Flávio Feitosa – O pano de fundo dessa questão ainda é a governança. Vou trazer um pequeno paralelo com o ambiente privado. Se a gente avaliar hoje o valor das empresas que estão listadas em bolsas, um dos critérios da valoração das suas ações é o sistema de governança bem implementado. O capital tem atração pelo ambiente e negócios seguros, e isso a governança traz... essa segurança efetiva. E trazendo para o ambiente público, não somente o Poder Judiciário, mas incluindo outros Poderes, [sabemos] que quando você estabelece um sistema de governança consistente automaticamente isso gera uma segurança jurídica, que automaticamente gera um ambiente mais atrativo para o capital estrangeiro. Então, a resposta é investir em governança que por consequência vai gerar não somente segurança jurídica, mas segurança em vários outros aspectos que envolvem direcionamento, conformidade e integridade. O que é excelente, diminui o risco de investimento e efetivamente atrai capital para o nosso país.
RGB – Qual a última mensagem que o senhor gostaria de passar?
Flávio Feitosa – Neste ano que estamos num processo de transição, é um ano muito importante para o nosso país. A mensagem que a Rede quer passar é para os nossos governantes que vão estar daqui a algum tempo... que eles considerem que a tese da governança tem um efeito transformador. Mas não no âmbito meramente administrativo, burocrático, mas um efeito transformador que gera impacto para a sociedade. Por outro lado, é importante também que a sociedade interaja para cobrar dos nossos governantes que governem com um bom sistema e uma boa prática. Se tivermos uma sociedade atuante, que cobra uma boa governança, transparência e equidade, que são os princípios de qualquer governança, temos um sistema completo. É isso que a Rede vem trazendo, a difusão dessa tese. Tanto para sociedade, quanto para administração pública. De que a governança tem um efeito transformador para o bem de um projeto de Estado, de país, e em benefício da sociedade.
RGB – A Rede é de entregas. É isso que cidadão precisa exigir do governo?
Flávio Feitosa – Isso é um princípio de governança. Transformar o investimento que a sociedade coloca na mão do governante por meio de impostos, e ele transforma isso por meio de resultados e benefícios para ela [ sociedade].
Flávio Feitosa
Flávio Feitosa Costa é Bacharel em Ciência da Computação pela Universidade Federal de Campina Grande, com especialização em Docência do Ensino Superior e Mestre em Gestão do Conhecimento pela Universidade Católica de Brasília. É profissional credenciado pelo Project Management Institute dos EUA (PMP). Atua há mais de vinte anos como Consultor e Gestor em modelos de governança, estratégia, processos e projetos, com experiência adquirida em projetos e programas de alto valor agregado em grandes empresas e órgãos governamentais.

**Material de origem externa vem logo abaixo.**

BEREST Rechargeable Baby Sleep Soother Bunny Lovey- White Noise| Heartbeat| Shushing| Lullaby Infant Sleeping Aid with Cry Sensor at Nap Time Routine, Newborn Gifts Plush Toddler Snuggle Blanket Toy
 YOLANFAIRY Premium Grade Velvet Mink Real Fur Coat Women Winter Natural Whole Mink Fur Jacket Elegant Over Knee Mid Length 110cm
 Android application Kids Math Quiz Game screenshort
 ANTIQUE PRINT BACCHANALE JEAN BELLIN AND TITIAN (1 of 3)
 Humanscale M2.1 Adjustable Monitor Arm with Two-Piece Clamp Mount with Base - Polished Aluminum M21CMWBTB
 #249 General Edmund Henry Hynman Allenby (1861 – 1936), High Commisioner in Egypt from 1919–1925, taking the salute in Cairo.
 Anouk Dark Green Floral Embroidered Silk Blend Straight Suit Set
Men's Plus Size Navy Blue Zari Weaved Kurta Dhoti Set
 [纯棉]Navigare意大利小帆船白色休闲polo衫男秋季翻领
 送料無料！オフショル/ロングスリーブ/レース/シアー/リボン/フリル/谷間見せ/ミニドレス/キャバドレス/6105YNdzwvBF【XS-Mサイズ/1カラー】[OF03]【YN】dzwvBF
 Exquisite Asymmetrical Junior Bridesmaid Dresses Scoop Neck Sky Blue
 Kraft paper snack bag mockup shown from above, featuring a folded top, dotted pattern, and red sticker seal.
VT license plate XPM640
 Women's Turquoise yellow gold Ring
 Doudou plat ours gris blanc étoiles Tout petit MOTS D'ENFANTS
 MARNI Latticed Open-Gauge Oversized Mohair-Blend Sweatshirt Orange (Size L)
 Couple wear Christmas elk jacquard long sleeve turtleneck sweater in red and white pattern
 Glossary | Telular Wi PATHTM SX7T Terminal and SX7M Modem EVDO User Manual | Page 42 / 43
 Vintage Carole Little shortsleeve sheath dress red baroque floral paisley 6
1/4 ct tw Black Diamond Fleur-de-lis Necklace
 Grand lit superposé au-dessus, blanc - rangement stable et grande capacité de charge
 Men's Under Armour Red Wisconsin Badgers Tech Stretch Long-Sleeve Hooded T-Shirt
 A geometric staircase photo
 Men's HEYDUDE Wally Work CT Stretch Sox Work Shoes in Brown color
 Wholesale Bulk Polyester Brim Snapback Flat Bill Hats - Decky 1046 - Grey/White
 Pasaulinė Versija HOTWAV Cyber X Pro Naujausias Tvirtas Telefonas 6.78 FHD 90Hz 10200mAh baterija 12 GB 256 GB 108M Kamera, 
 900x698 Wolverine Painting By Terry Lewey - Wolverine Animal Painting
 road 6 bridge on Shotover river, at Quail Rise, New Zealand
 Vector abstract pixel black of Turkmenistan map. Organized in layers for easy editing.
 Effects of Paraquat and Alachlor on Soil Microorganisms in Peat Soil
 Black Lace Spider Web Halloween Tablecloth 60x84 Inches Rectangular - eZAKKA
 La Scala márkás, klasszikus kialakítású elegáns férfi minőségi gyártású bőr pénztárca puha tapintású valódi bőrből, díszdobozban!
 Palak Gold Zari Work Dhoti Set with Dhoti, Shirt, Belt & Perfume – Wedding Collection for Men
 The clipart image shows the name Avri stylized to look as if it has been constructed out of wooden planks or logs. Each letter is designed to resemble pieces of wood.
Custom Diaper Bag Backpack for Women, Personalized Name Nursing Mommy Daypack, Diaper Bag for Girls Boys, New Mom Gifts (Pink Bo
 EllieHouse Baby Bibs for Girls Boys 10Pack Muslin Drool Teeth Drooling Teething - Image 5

Atualmente é Coordenador de Governança de Tecnologia da Informação do Conselho Nacional de Justiça (CNJ), é Presidente da Rede Governança Brasil, pesquisador em Transformação Digital do programa Startup Gov.Br da Universidade de Brasília (UnB) e Secretaria de Governo Digital, e sócio da Humant Desenvolvimento Profissional. É Professor universitário do IBMEC e FGV Management. Atuou como revisor da 3ª versão do Referencial Básico de Governança Organizacional do TCU. Participou de diversas feiras, seminários e simpósios como palestrante.